2022-05-13 12:23:30 | 詩集

石毛拓郎『ガリバーの牛に』(12)(紫陽社、2022年06月01日発行)

 12篇目「植民見聞録」。後注で、石毛は、こう書いている。

 ヤン・ソギル原作。崔洋一監督の映画『月はどっちに出ている』を観戦。そこから、屑のひかり、その生き方に、共振した。
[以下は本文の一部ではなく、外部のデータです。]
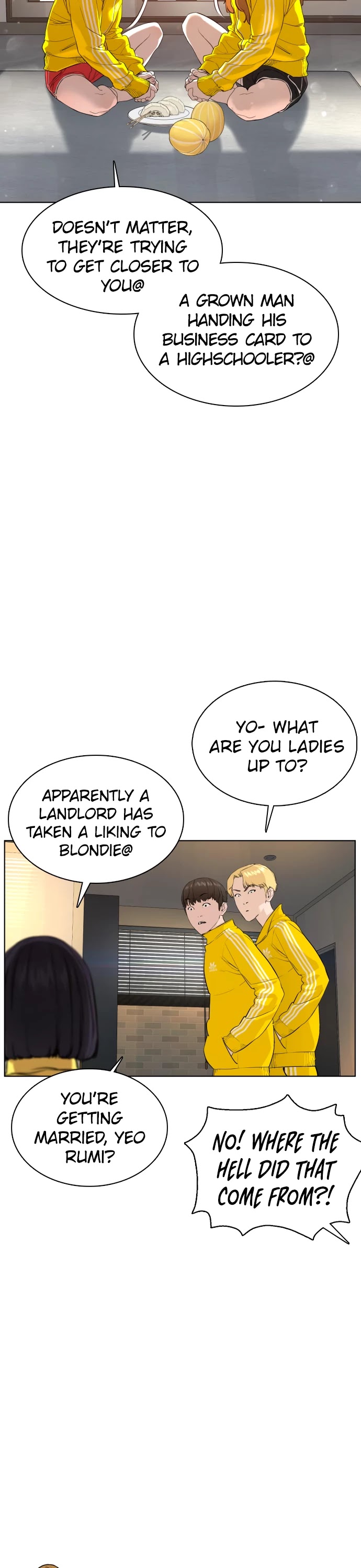 Read How To Fight EN Manga Online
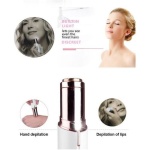 قلم ازالة شعر الحواجب Dsp Electric Eyebrow Hair Remover Painless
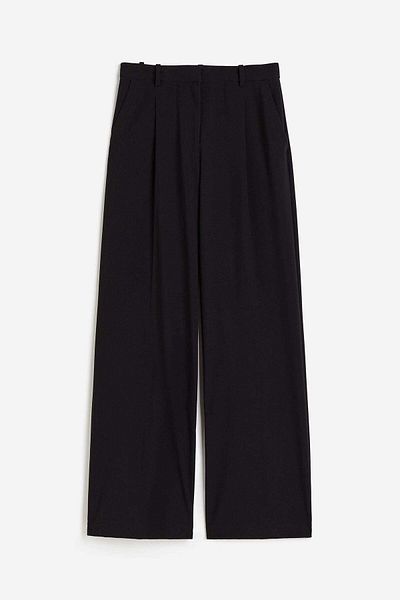 H&M بنطلون واسع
 「観戦」か。書き間違えかなあ。たぶん意識的に書いていると思う。「屑のひかり」という表現も、意図的だろう。石毛は、映画を見ながら、何と戦ったのか。
 そこに描かれているのは「屑」だ。しかし、「屑」はただ汚いもの、捨てられたものではない。「屑」と呼ばれても、生きている。「屑」と呼ばれたことを自分の支えにして生きている。人間は、そうやって生きるということをはじめなければならないのかもしれない。そう感じて「共振」したのか。
 しかし、詩には、こういう表現がある。

階下の初老の男が 死にかけている
その隣の家では 夫婦喧嘩がはじまった
向かいの家では 赤子の喉に火がついた

 というような描写につづいて、こう書いている。

世間の悲嘆は さまざまだが 共感できぬものだ
おれは ただただ うるさいと思うだけだ

 世間の悲嘆はうるさい。共感できぬ。と書くとき、石毛は、何を考えていたのか。何を感じていたのか。「共感できぬ」に共感していたのだ。「うるさい」と言ってしまえるこころに共感していたのだ。
 これが「屑のひかり」である。
 死にかけた老人、夫婦喧嘩、泣きわめくだけの赤ん坊。自分にとっては何の関係もない。「屑」と呼びすてたい。しかし、その「屑」の、なんとうるさいことか。みんな自己主張している。それが、たとえば「ひかり」と呼ばれるものだ。まだ正式な名前(?)はつけられていない。「屑」でありながら「屑」であることを拒絶していく力のようなもの。
 これを何と呼ぶべきか。

植民に 悲憤を感じることもなく
すでに はじめから
在日への おれの思春期は 病んでいたのか!

 「悲憤」。ひとは誰でも「悲憤」を持つ。「悲憤」と「悲嘆」に似ている。「悲」という文字が共通する。嘆きを、怒り(憤怒)に、怒りを力に。だが、この怒りを力にするというときには、いくつものしなければならないことがある。怒りは孤立していては力にはならないのだ。団結が必要だ。
 だが、団結ほどうさん臭いものはない。「個人」をどこかで抑制しないと「団結」が機能しないときがある。
 だから、である。
 というのは、飛躍なのだが。
 「悲憤/悲嘆」の奥へとおりていかなければならない。なぜ「悲憤/悲嘆」が生まれるのか。それは、それぞれの「個人」がもっているものが何者かによって破壊されるからだ。個人の尊厳が奪われるからだ。
 個のその深層へおりて行き、そこから戻ってくる。そのとき、「悲嘆」はたぶん「悲憤」にかわるのだ。そうやってあらわれてくる「悲嘆/悲憤」と、どう向き合うべきか。
 石毛は「戦う」ということばをつかっている。「観戦」ということばのなかに「戦う」がある。
 これは、どういうことか。
 石毛自身への問いだろう。自分は、どんな悲嘆の奥底までおりていったことがあるか。そこから「悲憤」を噴き上げることができたか。「戦う」ということは、相手と正直に取り組むことである。自分とも正直に取り組むことである。
 こう書きながら、ここでも私は、石毛の隣にはいつも魯迅がいると感じてしまう。私は石毛ほど正直にはなられない。

---おい! 月はどっちだ。
---夢の島のほうだ。
おまえは そのまま月をめがけて 走れ!
おれは 車を止めて 怠ける。

 いいなあ、この最後の「怠ける」。
 ここにも何とも言えない「正直」がある。私がこれまで書いてきたことを「うさん臭いもの」にしてしまう「正直」がある。統合/団結、あるいは結論を拒絶する力、個に帰る力が動いている。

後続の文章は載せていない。